The Sports Betting Alliance, comprised of a coalition of four powerhouse mobile sportsbooks, FanDuel, DraftKings, Fanatics, and BetMGM, have announced they will oppose the most recent online sports betting proposal in California spearheaded by independent businessman, Kasey Thompson.
Mobile Books Not Interested
California will be the most lucrative mobile sports betting market in the nation once it goes live, but getting there has been wrought with conflicting agendas and mistrust by the tribes that control gaming in the Golden State.
The commercial sportsbooks and tribal leaders have been unable to come to terms, which means sports betting has been stalled. However, a recent push by businessmen Kasey Thompson, Ryan Walz, and Reeve Collins to bring sports betting to the masses has been met with resistance by the California tribal nations despite the triumvirate insisting they are including all of the tribe’s wishes under one comprehensive bill.
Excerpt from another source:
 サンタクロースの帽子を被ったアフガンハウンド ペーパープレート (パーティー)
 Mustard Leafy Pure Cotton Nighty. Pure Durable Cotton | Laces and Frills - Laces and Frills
But now the online sportsbooks are joining the tribes in decrying this most recent effort and have announced they will not support the effort to gather signatures to get sports betting on November’s California ballot.
Sports Betting Alliance (SBA) spokesperson, Nathan Click, said, “We recently learned that the authors of two sports wagering initiatives in California are trying to find financial support for signature gathering from sports betting operators. In the interest of clarity, and consistent with our previously stated opposition to these measures, we can commit that SBA won’t be funding or otherwise supporting either of these sports wagering initiatives.”
Reasons for Opposition
SBA spokesperson Nathan Click highlighted three primary reasons why the major online sportsbooks stand in opposition to the most recent sports betting proposal:
- “Without significant and widespread tribal support this initiative fails and sets back productive conversations for several years.”
- “The original premise of building a business based off customers acquired illegally through offshore operations falls significantly short of the regulatory standards to which our membership adheres.”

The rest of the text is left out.